In the wake of the Scottish government granting permission for soft play centres to reopen on 13 July, operators have expressed their dissatisfaction at the government’s handling of the sector, after almost 65 centres were lost since September.

Despite welcoming the reopening date, the industry is still reeling from the government’s uneven treatment during the last year and a half, during which decision making and support packages consistently overlooked and undervalued indoor play.

“It just feels that we’ve been sort of singled out, the decision-making is bizarre,” Whale of A Time operator Sarah Davidson noted.
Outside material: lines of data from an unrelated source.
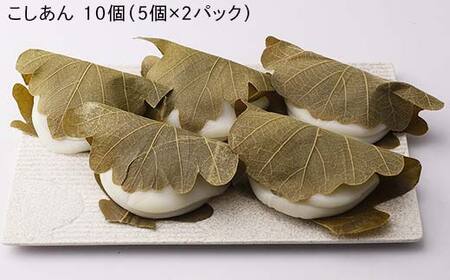 創業から人気の味 かしわ餅20個セット（こしあん・つぶあん） 柏餅 かしわ餅 もち こしあん つぶあん 和菓子 F7X-0147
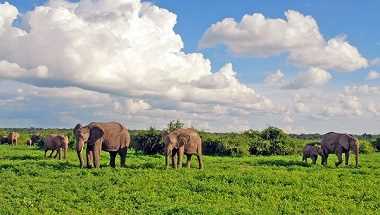 Botswana Wildlife Breakaway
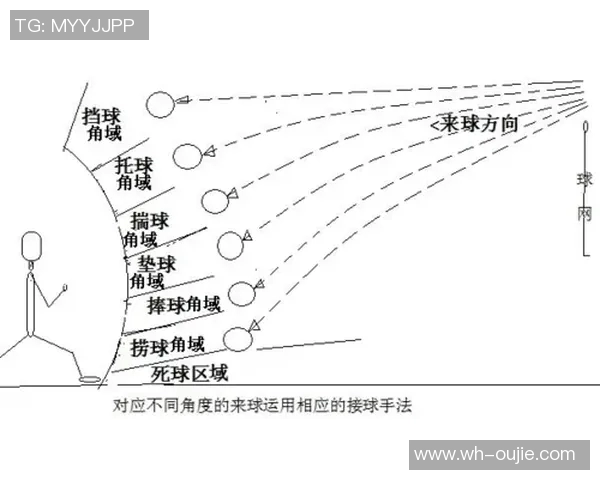 从零基础到高手之路:全面掌握排球速度技巧与训练方法 从零基础到高手之路:全面掌握排球速度技巧与训练方法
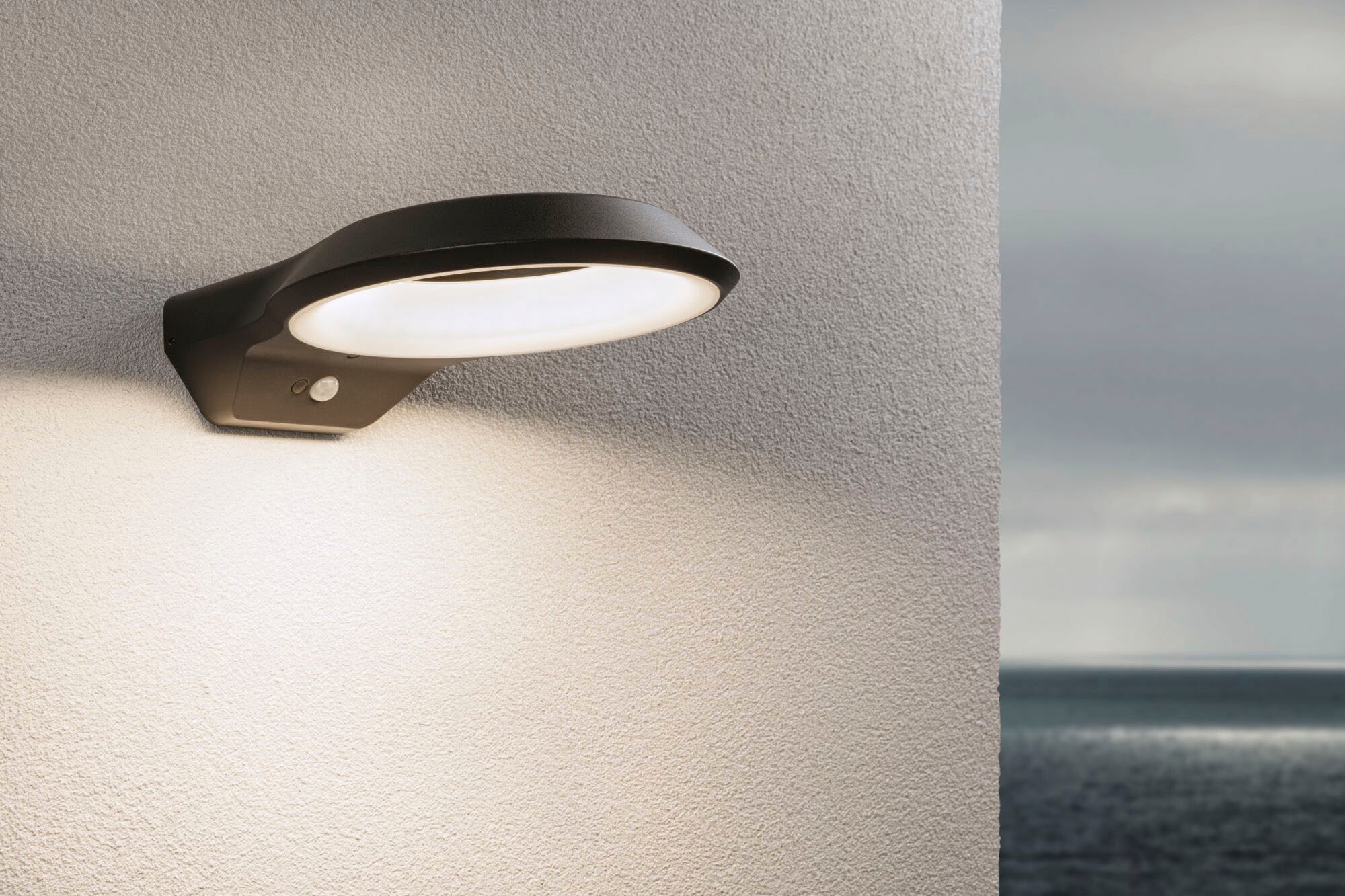 Paulmann LED Außen-Wandleuchte »Anela 230V anthrazit IP44«, 1 flammig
She hardly whispered the critique; Davidson detailed the hard times the soft play sector had faced at the government’s hands to the leading national newspaper The Scotsman.

“I fully appreciate that my business should have been closed when it wasn’t safe to open, but I question the length of time that I’ve been closed for.”

“Getting the go-ahead [on 13 July] at two o’clock does not give you a lot of time when your business has been in hibernation for 16 months. I’d also lost my whole team, so it’s starting with them again, getting everybody retrained and getting everything up and running.”

Whale of a Time, located in Glasgow’s Shawlands, will now not reopen until 5 August, and though venues such as The Bubbles Factory in Carluke seized the opportunity to reopen as quickly as possible, owner Martin Hannah stated “we’re keeping it very low key, because we can’t afford to make one mistake.”

“You’re talking about all these family businesses being lost and being destroyed,” Hannah said. “Initially, we were grouped with nightclubs and adult entertainment, which defies logic to me.”

“There was no epidemic caused by soft play opening in England. Why the Scottish Government seemed to think that Scottish kids are some sort of plague-ridden magnet, I do not know.”

Though the Association of Indoor Play also welcomed the reopening date, it follows warnings from the body in June that the majority of centres across the UK are currently running at a loss greater than 30 percent.